PMID- 34200102
OWN - NLM
STAT- MEDLINE
DCOM- 20210728
LR  - 20210728
IS  - 2072-6643 (Electronic)
IS  - 2072-6643 (Linking)
VI  - 13
IP  - 6
DP  - 2021 Jun 4
TI  - Dietary Macronutrient Intake May Influence the Effects of TCF7L2 rs7901695 
      Genetic Variants on Glucose Homeostasis and Obesity-Related Parameters: A 
      Cross-Sectional Population-Based Study.
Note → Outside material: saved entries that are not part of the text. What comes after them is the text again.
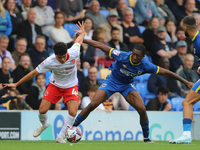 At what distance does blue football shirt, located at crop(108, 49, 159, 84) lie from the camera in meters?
7.80

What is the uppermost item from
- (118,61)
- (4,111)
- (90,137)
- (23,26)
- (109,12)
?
(109,12)

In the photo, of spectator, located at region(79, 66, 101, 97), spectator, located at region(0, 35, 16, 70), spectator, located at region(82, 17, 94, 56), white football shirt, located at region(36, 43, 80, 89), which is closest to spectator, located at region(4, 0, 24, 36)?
spectator, located at region(0, 35, 16, 70)

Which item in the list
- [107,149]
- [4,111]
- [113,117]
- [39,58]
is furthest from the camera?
[39,58]

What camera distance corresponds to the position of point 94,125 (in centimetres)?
1071

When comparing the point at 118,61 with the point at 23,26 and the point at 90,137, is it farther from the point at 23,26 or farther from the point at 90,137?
the point at 23,26

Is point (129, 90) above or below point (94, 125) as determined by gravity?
above

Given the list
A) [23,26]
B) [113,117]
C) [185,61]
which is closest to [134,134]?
[113,117]

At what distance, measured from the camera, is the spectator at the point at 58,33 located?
40.9 ft

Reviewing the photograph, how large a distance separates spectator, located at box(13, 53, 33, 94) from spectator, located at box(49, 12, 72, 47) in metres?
1.55

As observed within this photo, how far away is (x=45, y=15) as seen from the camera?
41.7 ft

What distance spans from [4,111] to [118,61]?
3.75 metres

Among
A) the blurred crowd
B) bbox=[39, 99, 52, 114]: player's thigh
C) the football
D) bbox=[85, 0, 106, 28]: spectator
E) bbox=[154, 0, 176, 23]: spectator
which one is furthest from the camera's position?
bbox=[154, 0, 176, 23]: spectator

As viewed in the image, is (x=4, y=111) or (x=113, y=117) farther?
(x=113, y=117)

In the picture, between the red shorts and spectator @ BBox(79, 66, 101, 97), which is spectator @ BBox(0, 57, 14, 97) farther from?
the red shorts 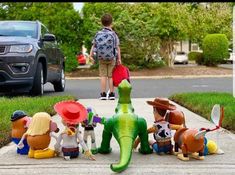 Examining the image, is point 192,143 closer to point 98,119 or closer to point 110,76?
point 98,119

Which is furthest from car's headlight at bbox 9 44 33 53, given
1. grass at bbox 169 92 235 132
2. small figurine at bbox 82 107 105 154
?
small figurine at bbox 82 107 105 154

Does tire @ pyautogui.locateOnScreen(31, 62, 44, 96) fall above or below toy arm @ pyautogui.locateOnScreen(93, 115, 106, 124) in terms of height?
below

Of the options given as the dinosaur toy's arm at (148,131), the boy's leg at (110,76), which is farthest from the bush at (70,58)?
the dinosaur toy's arm at (148,131)

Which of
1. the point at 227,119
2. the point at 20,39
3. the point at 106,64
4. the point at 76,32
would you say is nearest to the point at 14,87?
the point at 20,39

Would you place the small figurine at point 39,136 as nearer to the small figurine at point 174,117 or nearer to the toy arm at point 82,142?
the toy arm at point 82,142

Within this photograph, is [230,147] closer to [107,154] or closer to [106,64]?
[107,154]

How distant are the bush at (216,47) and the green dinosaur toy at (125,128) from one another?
73.8 ft

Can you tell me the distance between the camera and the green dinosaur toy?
448cm

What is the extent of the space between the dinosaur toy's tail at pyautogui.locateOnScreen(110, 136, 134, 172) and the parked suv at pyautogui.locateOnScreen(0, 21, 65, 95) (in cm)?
554

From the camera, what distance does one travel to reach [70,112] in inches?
184

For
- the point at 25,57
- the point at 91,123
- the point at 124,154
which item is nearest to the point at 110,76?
the point at 25,57

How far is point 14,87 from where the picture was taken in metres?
9.91

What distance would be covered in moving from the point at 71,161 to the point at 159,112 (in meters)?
0.94

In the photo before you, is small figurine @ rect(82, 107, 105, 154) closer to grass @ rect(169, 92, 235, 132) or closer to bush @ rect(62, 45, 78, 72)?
grass @ rect(169, 92, 235, 132) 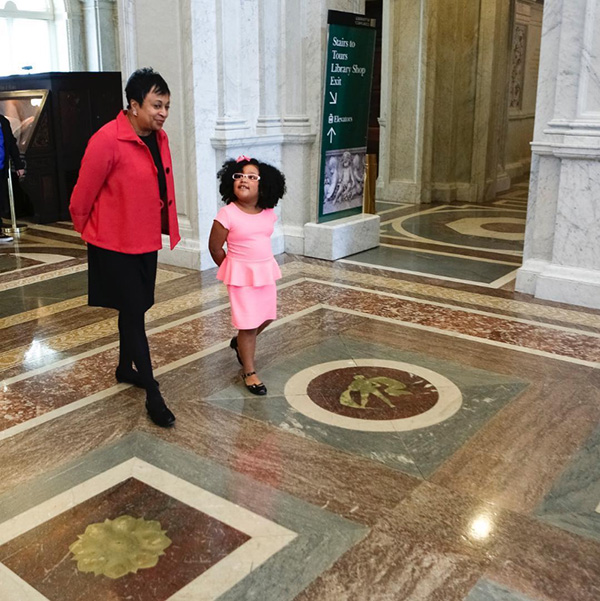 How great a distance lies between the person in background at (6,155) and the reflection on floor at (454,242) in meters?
3.67

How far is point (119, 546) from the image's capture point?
2.61 m

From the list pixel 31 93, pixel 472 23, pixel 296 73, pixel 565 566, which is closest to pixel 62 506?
pixel 565 566

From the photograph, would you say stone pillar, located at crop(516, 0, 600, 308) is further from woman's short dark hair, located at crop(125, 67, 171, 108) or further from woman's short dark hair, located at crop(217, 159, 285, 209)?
woman's short dark hair, located at crop(125, 67, 171, 108)

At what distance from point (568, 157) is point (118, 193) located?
3.48 metres

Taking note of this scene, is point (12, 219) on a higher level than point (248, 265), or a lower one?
lower

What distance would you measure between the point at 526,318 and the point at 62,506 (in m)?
3.51

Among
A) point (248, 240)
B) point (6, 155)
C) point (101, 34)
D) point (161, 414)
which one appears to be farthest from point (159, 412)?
point (101, 34)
LID - 10.3390/nu13061936 [doi]
LID - 1936
AB  - Transcription factor-7-like 2 (TCF7L2) is one of the most important 
      susceptibility genes for type 2 diabetes mellitus (T2DM). The aim of our 
      cross-sectional population-based study was to analyze whether daily macronutrient 
      intake may influence the effects of the TCF7L2 rs7901695 genotype on glucose 
      homeostasis and obesity-related parameters. We recruited 810 participants (47.5% 
      men and 52.5% women), 18-79 years old (mean age, 42.1 (+/-14.5) years), who were 
      genotyped for the common TCF7L2 rs7901695 single-nucleotide polymorphism (SNP), 
      and anthropometric measurements, body composition, body fat distribution 
      (visceral (VAT) and subcutaneous adipose tissue (SAT) content), blood glucose and 
      insulin concentrations after fasting and during OGTTs, and HbA1c were assessed. 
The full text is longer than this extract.